定期的にクリーニングに出せばいいのでしょうが、ただ、衣類をクリーニングに出すことに抵抗があります。それは料金云々ではなく、洋服好きに付きまとう「クリーニングに出すと衣類の寿命が短くなる」という呪縛にも似た意識。
ファッション誌などでその筋の有名人がそのように語り、何度となく読んできたせいもあり、なるべくクリーニングに出さないことを美徳とするような意識が根底に植え付けられている気がします。
クリーニング洗いに使用される溶剤が生地の寿命を短くすると言われていますし、確かに洗い続けると衣類の寿命を縮めることもあろうかと思います。
ただ、改めて考えると、それ以前の問題として、全くクリーニングに出さずにいる方がよっぽど短命に終わるように思えてなりません。
いくら自宅での手入れを怠らなかったとしても、皮脂や汗がブラッシングだけで落とせるわけがありません。いつかは水を通して洗わなければ汚れは堆積し続け、衣類を劣化させます。
クリーニングに出さず、自分でこまめに手入れをすれば延々と着ることができるか、と言われれば答えはノー。

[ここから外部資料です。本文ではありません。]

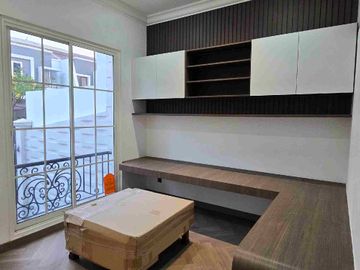 Dijual cepat Rumah Taman Permata Buana dekat 2 taman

カビ・シミ・虫食い等により着られなくなるリスクは年々高まるなど、ブラッシングだけでは解消できない問題は確実にあります。
それに、クリーニングによる衣類の寿命を心配していますが、そんなに心配するようなことでしょうか。
時間の経過と共に、身体の変化によるサイズアウト、トレンドの変化、嗜好性の変化などにより、衣類の状態とは関係なく、自ら着なくなることだって多分に考えられます。
モノを大切に手入れして長く着続けることは大切ですが、仮にクリーニングに出さずとも遅かれ早かれモノとしての寿命を迎えますし、このように寿命以外の理由で着なくなることだってあります。1つのモノを一生着続けることは稀なのです。

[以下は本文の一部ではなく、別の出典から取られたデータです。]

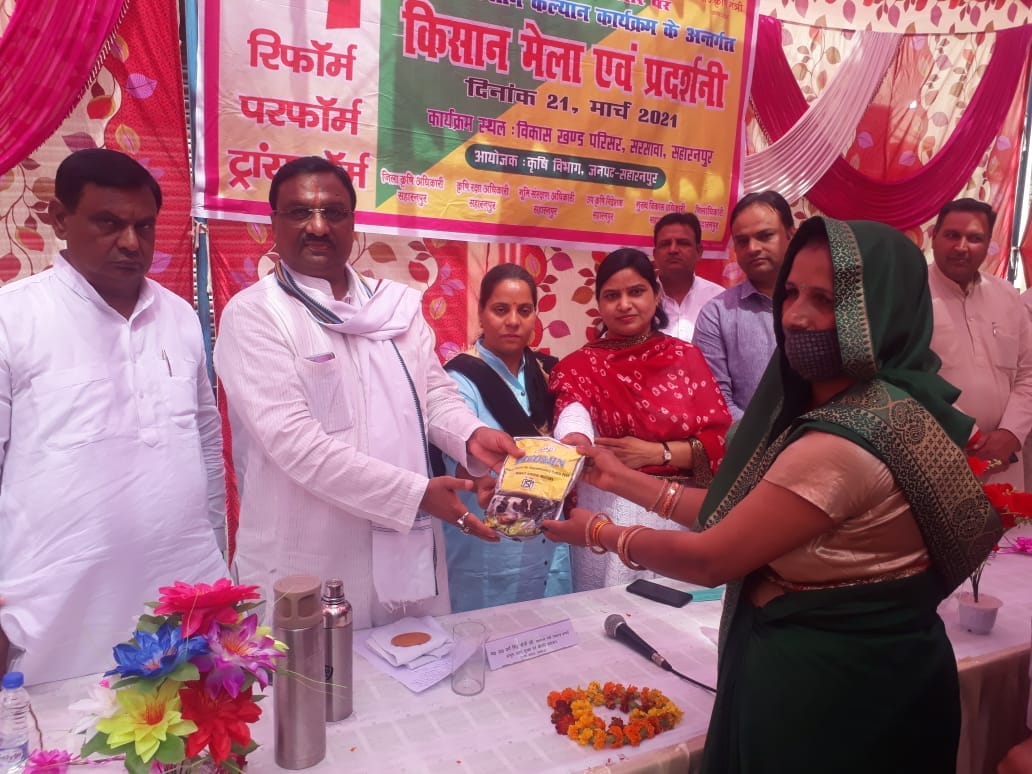 सरसावा किसान मेले में महिला समूह को सम्मानित करते आयुष राज्यमंत्री डा धर्म सिंह सैनी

自分の死後、着ていたモノたちが博物館に保存されたり、子どもに受け継ぐ必要があるのであれば衣類の寿命にも気を配らなければなりませんが、本来自分が着たいと思っていられるうちだけ清潔な状態を維持できていればそれで充分なはず。
そう考えることで、クリーニングに対する、まるで偏見にも似た抵抗感、呪縛からようやく解放されました。
最近ではクリーニングでも水洗いサービスの提供が増え(多くの店では「汗抜き加工」と表記されています)、溶剤では完全には落とせないと言われたカビ菌も水洗いで除去できるようになりました。
また、ちょっと調べてみると、地元のクリーニング店でも、シーズンオフ期間中の衣類の保管サービスを扱っているサービスがあって驚かされるなど、かなり使い勝手が向上しているように感じます。
以前からクリーニングついでにほころびなども補修してくれたりしましたが、かけはぎなどの専門的な修理も、わざわざ遠方の専門店まで持って行かずとも近所のクリーニング店で依頼できる時代。
こんなに身近で、洗濯・保管・修理までまとめて受け入れてくれる窓口があるのなら、使わない手はありません。
書く言う私も今回の虫食いで困り果てましたが、専門店には出さずにクリーニング屋に相談したところ親身に相談に乗ってくれました。
今回の失敗が無ければクリーニング店とはずっと疎遠なまま、これほどサービスが充実したクリーニング店が近所にあるなんて知る由もなかったでしょうから、今回の気づきといい、前向きに考えれば怪我の功名だったかもしれません(・・・多少強引で無理があるのは本人が一番理解しています)。
今回も高い勉強代となりましたが、どんどんとサービスが拡充され、活用の幅が広がっているクリーニング店と、これをきっかけに上手に付き合っていきたいという思いに至っています。
長い独り言にお付き合いをいただき、ありがとうございました。